Foot-bridges built on roots are Meghalaya’s new attraction
No wonder, the foot-bridges have been nicknamed by tourists as "living foot-bridges" which take shape over 12-15 years, and they are the sole effort of the villagers sans any government help.
Mostly found in the southern slope of the state, these foot-bridges, or rather root-bridges, span across rivers as wide as 50 meters and swift streams to allow villagers to negotiate rough waters during monsoon.
What seems to be an easy job is actually a fruit of skill and boundless patience. The roots belong to the "Ficus elastica" tree which grow higher up its trunk in addition to original underground roots.
These roots are then carefully laid across the streams using hollow betelnut trees as a root support system. The thin, tender roots, prevented from straying by the betel nut trunks, grow flat across the rivers. When they reach the other side of the river, they are allowed to take root in the soil thus providing a solid natural base. Over time, they develop into a solid walking platform. .
"But what brings the tourists from far and wide are not just the bridges, but those with double decks and soon-to-be triple decks," R Sohkhlet, a villager, told PTI.
He said that the existing double-decker bridge is going to have a third deck soon as villagers have trained the roots to span across the river.
Noting that it is cheaper to allow a bridge to grow over years than to build them with cement and iron rods in this part of the state, Sohkhlet said villagers have to shell out Rs 900 for a 50 kg packet of cement which would normally cost Rs 300 down in the nearby Sohra market.
The price difference is because of the steep height the carriers of the cement bags have to climb. Sohkhlet said the decision to build the third deck was in fact not to avoid rising water during summer, but mainly for tourist attraction.

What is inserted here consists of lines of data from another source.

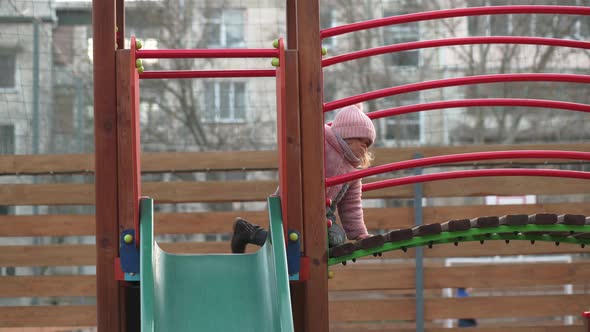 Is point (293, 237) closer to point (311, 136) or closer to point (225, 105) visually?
point (311, 136)

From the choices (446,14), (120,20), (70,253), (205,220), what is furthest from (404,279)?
(120,20)

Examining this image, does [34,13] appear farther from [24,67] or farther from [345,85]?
[345,85]

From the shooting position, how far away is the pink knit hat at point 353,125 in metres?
3.59

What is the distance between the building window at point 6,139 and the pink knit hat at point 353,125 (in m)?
3.29

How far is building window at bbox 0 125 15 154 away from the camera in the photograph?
6.09 meters

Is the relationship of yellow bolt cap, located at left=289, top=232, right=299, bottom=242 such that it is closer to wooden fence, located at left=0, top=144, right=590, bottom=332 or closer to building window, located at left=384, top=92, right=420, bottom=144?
wooden fence, located at left=0, top=144, right=590, bottom=332

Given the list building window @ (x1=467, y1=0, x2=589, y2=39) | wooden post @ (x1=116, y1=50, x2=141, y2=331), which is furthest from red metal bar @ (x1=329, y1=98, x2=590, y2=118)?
building window @ (x1=467, y1=0, x2=589, y2=39)

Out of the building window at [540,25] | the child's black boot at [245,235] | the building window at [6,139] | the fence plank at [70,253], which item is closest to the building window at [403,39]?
the building window at [540,25]

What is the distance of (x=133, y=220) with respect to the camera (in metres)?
2.97

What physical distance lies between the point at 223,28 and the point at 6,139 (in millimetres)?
3697

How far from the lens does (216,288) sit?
9.96 feet

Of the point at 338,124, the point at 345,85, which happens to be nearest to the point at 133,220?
the point at 338,124

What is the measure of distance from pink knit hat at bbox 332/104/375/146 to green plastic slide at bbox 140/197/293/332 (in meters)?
0.56

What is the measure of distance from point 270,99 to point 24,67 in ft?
7.82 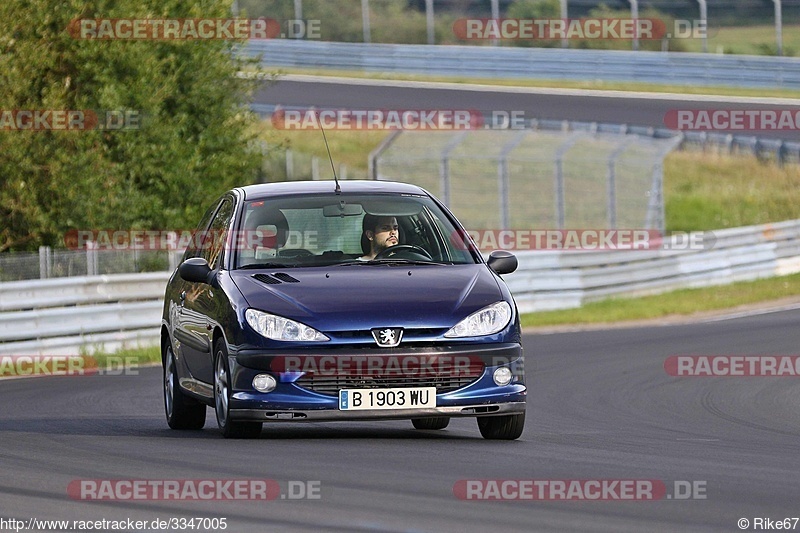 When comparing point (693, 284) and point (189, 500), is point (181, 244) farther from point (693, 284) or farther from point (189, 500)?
point (189, 500)

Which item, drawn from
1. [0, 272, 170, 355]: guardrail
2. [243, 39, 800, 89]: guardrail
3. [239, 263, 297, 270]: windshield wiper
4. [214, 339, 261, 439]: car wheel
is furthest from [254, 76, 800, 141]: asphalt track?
[214, 339, 261, 439]: car wheel

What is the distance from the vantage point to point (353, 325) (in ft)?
31.0

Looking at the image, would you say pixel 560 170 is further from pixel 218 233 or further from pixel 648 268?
pixel 218 233

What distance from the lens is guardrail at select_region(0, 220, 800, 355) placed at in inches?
707

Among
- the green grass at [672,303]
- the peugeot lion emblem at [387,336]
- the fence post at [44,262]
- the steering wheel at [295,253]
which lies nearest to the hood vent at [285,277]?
the steering wheel at [295,253]

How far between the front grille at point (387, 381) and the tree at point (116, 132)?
41.7ft

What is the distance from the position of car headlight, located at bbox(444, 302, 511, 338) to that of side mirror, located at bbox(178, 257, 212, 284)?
6.03 feet

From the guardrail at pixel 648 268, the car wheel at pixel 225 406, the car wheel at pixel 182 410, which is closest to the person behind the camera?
the car wheel at pixel 225 406

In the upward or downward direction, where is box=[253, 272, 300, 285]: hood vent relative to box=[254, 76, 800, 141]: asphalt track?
upward

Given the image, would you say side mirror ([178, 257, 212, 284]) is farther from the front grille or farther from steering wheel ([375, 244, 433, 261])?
the front grille

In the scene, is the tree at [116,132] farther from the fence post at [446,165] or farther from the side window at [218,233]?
the side window at [218,233]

Mike, a US citizen, who ended his Indian tour with a visit to the bridges, said, I want to let everyone know of my wonderful experience in Sohra, Meghalaya. This has been a highlight of my Indian trip, .
These bridges are also found at Mawlynnong village, often regarded as the "cleanest village in Asia", as also along the southern slope near the Indo-Bangladesh border which are yet to be discovered.